Cost anomalies
Overview
DoiT Cloud cost anomaly detection offers end-to-end monitoring of spikes in your Google Cloud, Amazon Web Services, and Microsoft Azure costs across your projects and services.
The detection service leverages time series modeling to monitor billing data and analyze the trend of spending in your cloud environment. It identifies billing patterns across DoiT customers, forecasts your cloud spending, and is continuously refined to provide even more accurate results.
Billing records that don't align with your anticipated spending behavior are identified as potential anomalies. The DoiT console also provides insights into which resources are causing the anomalies and helps you take corrective actions if necessary.
- FinOps Foundation: Managing Cloud Cost Anomalies
Before you begin
The data analysis begins as soon as you sign up. However, for anomaly detection to work properly, a sufficient number of historical data points are required. We set a minimum threshold of 14 days of data to allow the machine learning model to establish a reliable pattern for normal range.
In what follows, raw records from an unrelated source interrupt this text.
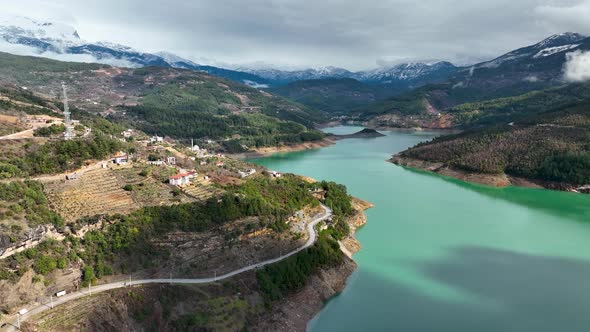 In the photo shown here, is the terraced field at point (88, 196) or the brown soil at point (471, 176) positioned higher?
the terraced field at point (88, 196)

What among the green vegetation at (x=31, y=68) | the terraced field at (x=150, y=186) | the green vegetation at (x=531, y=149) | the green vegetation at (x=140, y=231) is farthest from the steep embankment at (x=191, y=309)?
the green vegetation at (x=31, y=68)

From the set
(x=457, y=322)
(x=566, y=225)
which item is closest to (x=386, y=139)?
(x=566, y=225)

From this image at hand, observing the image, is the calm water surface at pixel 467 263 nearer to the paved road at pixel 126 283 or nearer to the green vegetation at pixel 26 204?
the paved road at pixel 126 283

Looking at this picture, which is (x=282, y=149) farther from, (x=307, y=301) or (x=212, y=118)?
(x=307, y=301)

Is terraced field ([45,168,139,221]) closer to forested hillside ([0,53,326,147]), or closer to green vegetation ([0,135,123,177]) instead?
green vegetation ([0,135,123,177])

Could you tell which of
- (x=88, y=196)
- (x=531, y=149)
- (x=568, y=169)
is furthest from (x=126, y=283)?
(x=531, y=149)

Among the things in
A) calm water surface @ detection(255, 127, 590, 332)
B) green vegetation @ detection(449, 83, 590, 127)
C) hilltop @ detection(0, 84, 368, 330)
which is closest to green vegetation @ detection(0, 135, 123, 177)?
hilltop @ detection(0, 84, 368, 330) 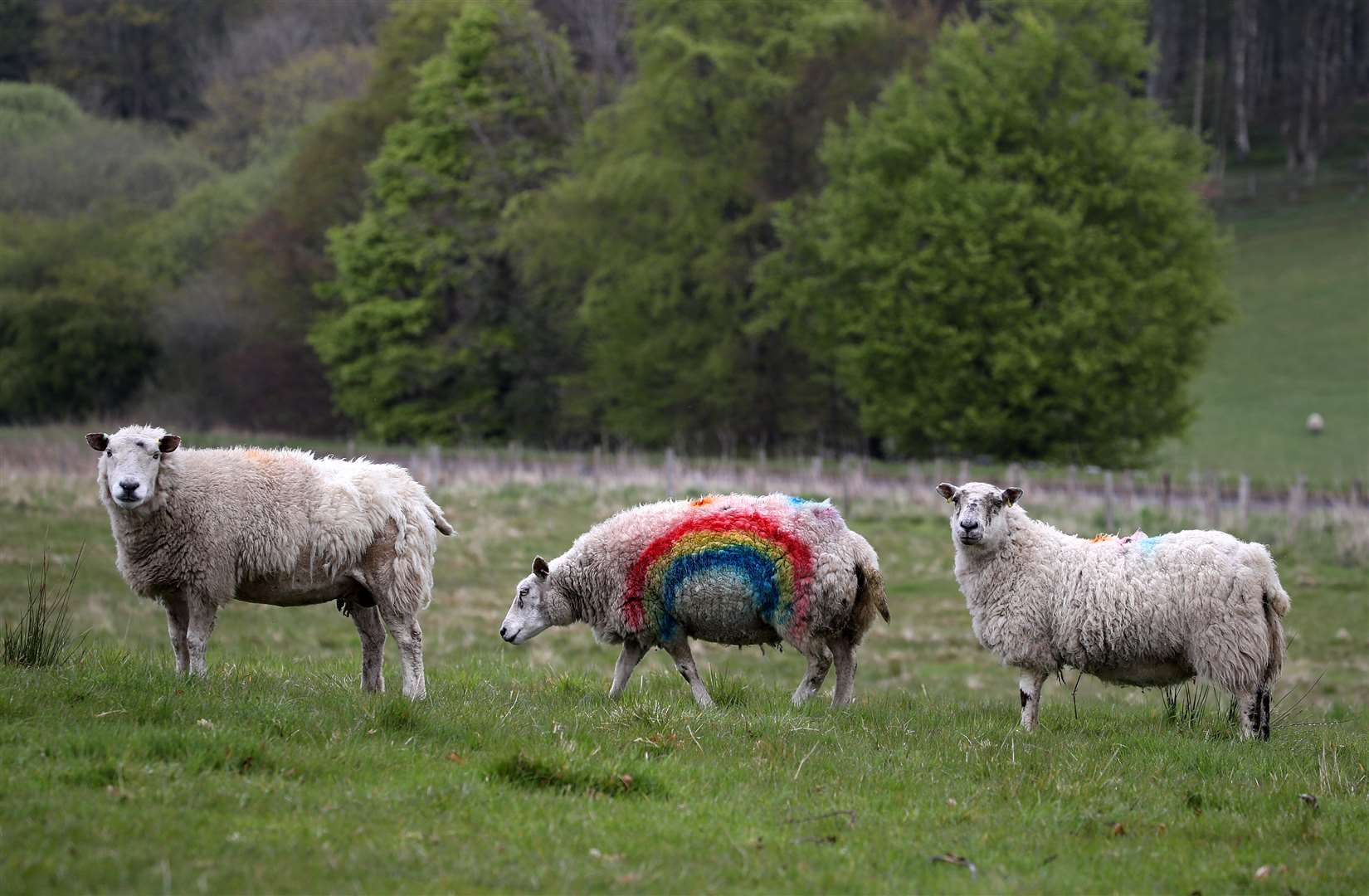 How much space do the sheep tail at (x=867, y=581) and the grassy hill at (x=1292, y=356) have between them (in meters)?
28.9

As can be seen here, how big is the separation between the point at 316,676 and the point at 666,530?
2.84 meters

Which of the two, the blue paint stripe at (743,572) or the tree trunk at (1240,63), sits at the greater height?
the tree trunk at (1240,63)

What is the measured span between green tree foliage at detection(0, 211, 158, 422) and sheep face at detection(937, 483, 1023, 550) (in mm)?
49785

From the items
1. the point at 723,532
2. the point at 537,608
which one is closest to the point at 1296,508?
the point at 723,532

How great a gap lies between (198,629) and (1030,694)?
5.94 m

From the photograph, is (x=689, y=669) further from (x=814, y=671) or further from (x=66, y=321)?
(x=66, y=321)

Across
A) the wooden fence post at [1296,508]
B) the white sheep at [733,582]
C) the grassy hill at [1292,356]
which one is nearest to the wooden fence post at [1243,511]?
the wooden fence post at [1296,508]

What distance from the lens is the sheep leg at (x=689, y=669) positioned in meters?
10.9

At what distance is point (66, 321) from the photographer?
55438mm

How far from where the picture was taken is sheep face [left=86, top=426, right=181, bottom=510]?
10060 millimetres

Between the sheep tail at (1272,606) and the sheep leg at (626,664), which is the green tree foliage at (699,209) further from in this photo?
the sheep tail at (1272,606)

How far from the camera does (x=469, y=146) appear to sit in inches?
2063

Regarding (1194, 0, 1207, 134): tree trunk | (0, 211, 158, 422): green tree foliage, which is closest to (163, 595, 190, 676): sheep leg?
(0, 211, 158, 422): green tree foliage

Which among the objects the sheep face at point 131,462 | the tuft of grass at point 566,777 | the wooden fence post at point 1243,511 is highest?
the sheep face at point 131,462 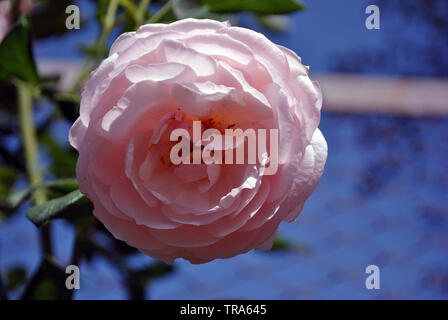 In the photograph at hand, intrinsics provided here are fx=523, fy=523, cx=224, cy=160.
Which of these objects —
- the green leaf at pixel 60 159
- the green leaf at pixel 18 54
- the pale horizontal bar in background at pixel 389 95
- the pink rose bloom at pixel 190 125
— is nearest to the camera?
the pink rose bloom at pixel 190 125

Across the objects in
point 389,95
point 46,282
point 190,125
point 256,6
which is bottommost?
point 46,282

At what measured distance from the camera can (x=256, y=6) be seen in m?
0.44

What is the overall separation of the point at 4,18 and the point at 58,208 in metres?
0.26

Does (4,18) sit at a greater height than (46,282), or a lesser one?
greater

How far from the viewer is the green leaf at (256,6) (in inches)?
16.5

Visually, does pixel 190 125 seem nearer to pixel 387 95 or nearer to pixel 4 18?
pixel 4 18

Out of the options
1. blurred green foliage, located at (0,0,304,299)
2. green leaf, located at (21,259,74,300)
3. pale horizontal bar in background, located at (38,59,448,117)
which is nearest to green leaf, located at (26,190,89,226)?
blurred green foliage, located at (0,0,304,299)

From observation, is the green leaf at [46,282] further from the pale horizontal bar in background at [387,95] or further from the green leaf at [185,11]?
the pale horizontal bar in background at [387,95]

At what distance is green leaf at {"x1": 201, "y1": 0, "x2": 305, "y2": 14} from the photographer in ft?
1.37

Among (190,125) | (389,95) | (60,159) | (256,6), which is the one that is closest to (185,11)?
(256,6)

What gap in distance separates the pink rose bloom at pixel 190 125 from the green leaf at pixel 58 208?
0.04m

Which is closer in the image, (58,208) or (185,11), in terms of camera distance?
(58,208)

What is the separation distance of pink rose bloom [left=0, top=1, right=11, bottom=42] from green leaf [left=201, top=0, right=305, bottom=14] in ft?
0.63

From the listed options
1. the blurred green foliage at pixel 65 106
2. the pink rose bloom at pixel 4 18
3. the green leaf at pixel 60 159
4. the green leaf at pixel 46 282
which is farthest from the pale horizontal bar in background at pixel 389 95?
the green leaf at pixel 46 282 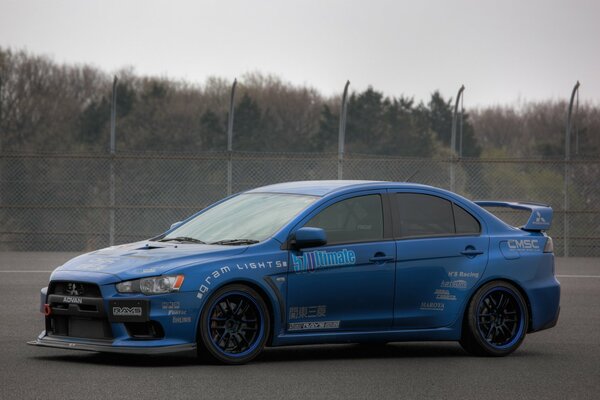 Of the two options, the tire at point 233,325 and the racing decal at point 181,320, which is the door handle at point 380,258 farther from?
the racing decal at point 181,320

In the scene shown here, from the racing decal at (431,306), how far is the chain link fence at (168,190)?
38.7ft

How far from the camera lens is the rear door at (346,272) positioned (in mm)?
9766

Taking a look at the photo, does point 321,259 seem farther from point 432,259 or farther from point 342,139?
point 342,139

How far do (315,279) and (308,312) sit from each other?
27 cm

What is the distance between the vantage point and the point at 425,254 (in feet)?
34.1

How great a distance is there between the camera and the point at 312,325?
983 centimetres

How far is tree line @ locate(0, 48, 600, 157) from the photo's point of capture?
42906 mm

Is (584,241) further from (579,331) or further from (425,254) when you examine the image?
(425,254)

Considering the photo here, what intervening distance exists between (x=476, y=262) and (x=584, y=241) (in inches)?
570

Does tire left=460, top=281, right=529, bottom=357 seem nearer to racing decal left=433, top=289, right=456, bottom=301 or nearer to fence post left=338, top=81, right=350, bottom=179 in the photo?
racing decal left=433, top=289, right=456, bottom=301

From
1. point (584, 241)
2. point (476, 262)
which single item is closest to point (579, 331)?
point (476, 262)

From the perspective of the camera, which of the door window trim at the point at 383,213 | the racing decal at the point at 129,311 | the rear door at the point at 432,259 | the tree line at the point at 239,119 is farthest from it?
the tree line at the point at 239,119

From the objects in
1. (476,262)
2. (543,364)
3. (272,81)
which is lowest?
(543,364)

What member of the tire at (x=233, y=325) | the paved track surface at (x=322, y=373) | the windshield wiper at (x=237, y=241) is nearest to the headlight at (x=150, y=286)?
the tire at (x=233, y=325)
In case anomaly detection is critical to your operation, we recommend waiting this 14-day period out before you make significant changes to your cloud spending. No spend will be classified as anomalies during the first 14 days.
Access anomalies
Required permissions
- Attributions Manager, Anomalies Viewer, Cloud Analytics
View the anomaly list
To view the list of detected cost anomalies, select Governance from the top navigation menu, and then select Cost anomalies.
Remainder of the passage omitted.